PCIF1 knockout leads to m6Am and TSS motif-related A-TSN expression changes.

(A) m6Am stoichiometry is positively related to A-TSN expression in wild-type HEK293T cells. In this cumulative distribution plot, the expression of each A-TSN was quantified by ReCappable-seq, for all A-TSNs in each indicated m6Am stoichiometry bin. A-TSNs (n=58,723) were grouped into five bins based on m6Am stoichiometry quantified by CROWN-seq. In total, 5,125, 6,962, 7,991, 8,368, and 8,009 A-TSNs are shown in each bin (from low m6Am to high m6Am). These A-TSNs have average TPM ≥1 in two ReCappable-seq replicates and coverage ≥50 in CROWN-seq. P-values, Student’s t-test for TPM (log-transformed), two-sided.

(B) The expression level of high m6Am stoichiometry A-TSNs is reduced in PCIF1 knockout. Shown is a cumulative distribution plot of A-TSN expression change in HEK293T cells upon PCIF1 knockout. The differential expression of A-TSN were calculated by DESeq241. Similar to (A), the A-TSNs were binned based on the m6Am stoichiometry. In total, 3,269, 2,272, 3,218, 3,813, and 3,369 A-TSNs are shown in each bin (from low m6Am to high m6Am). A-TSNs with a baseMean (i.e., the average of the normalized count among replicates) ≥100 were used in the differential expression test (two replicates were used for both wild-type and PCIF1 knockout) and coverage ≥50 reads in CROWN-seq. P-values, Student’s t-test, two-sided.

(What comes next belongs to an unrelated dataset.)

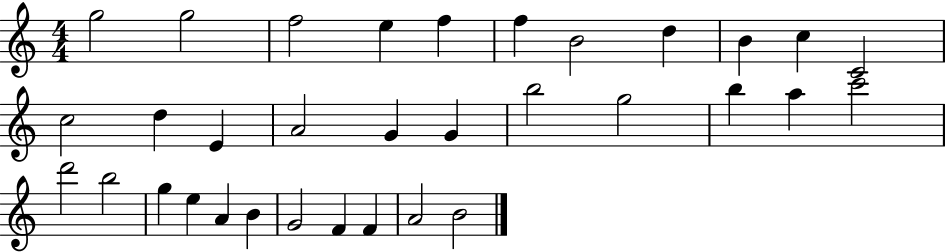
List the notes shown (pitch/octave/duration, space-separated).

G5/h G5/h F5/h E5/q F5/q F5/q B4/h D5/q B4/q C5/q C4/h C5/h D5/q E4/q A4/h G4/q G4/q B5/h G5/h B5/q A5/q C6/h D6/h B5/h G5/q E5/q A4/q B4/q G4/h F4/q F4/q A4/h B4/h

(C) Shown are cumulative distribution plots of expression changes of A-TSNs and G-TSNs after PCIF1 depletion. 14,516 A-TSNs and 9,667 G-TSN with expression levels quantified by ReCappable-seq are shown. These A-TSNs and G-TSNs have baseMean ≥100 during differential expression test. P-values, Student’s t-test, two-sided.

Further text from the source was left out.